A John Vink's photo project

In 1994, John Vink started this new personal project:

Mountains, or rough terrain, have always been a refuge, a natural bulwark against change, against outside aggression. Man has always used the mountains to defend and to protect himself. This natural defence, because of the difficult living conditions, has built strong people, aware of their identity, their culture. These strong minds contribute to find the strength to adapt to geographical and climatic particularities by "inventing" practical solutions to specific agricultural problems.

The project "Cultural Heights" wishes to document,through photography, five or six different locations throughout the world, observing the daily life of the inhabitants, following the seasons, analysing the erosion or the strengthening of customs and traditions.

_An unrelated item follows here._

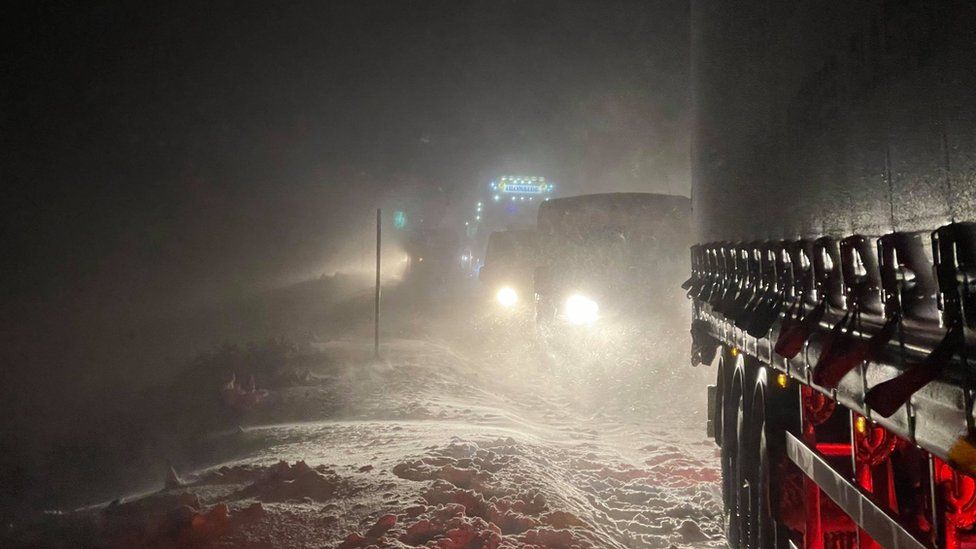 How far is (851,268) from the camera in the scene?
267cm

The sites will be chosen according to their evocative power and their exemplary characteristics.

Apart from the purely ethno-cultural aspects (strong human groups who protect their identity by being inaccessible), there is also an agricultural (irrigation systems, transhumance, terrace cultivation) and an ecological aspect (deforestation, soil erosion). The strength of the project is its global perspective. The photographic confrontation of several isolated sites in the world could draw lines of force, favour the comprehension of specific environmental problems, allow information to flow into areas where it precisely has difficulties circulating.

Two chapters of the project are well under way:

Biography of John Vink

John Vink was born in 1948 in Brussels. He lives in Brussels. He studies photography at the fine arts school of "La Cambre" in Brussels. He begins collaborating with the French daily "Libération" on a quite regular basis in '85. He starts a personal project on "Water in the Sahel" in '85 and for the next two years travels several times to Niger, Mali, Burkina Faso, Senegal. He is awarded the Eugene Smith prize in '86 for that project.

He joins VU agency in Paris at its creation in '86 and starts a personal project on refugee camps in the world in '87. He travels to India, Mexico, Honduras, Sudan, Hungary, Thailand, Turkey, Malawi, Kurdistan, Bangladesh, Croatia, Angola between '86 and '94 for that purpose.

At the opening of the exhibition "Refugiés" at the Centre National de la Photographie in Paris in 1994, he publishes a book and a CD-Rom on the subject. From '89 on he works in parallel on a personal project on Indochina and travels several times to Cambodia, Vietnam and Laos. He is the editor of Themes , a bimonthly documentary photography magazine. In 1995 he becomes associated at MAGNUM agency.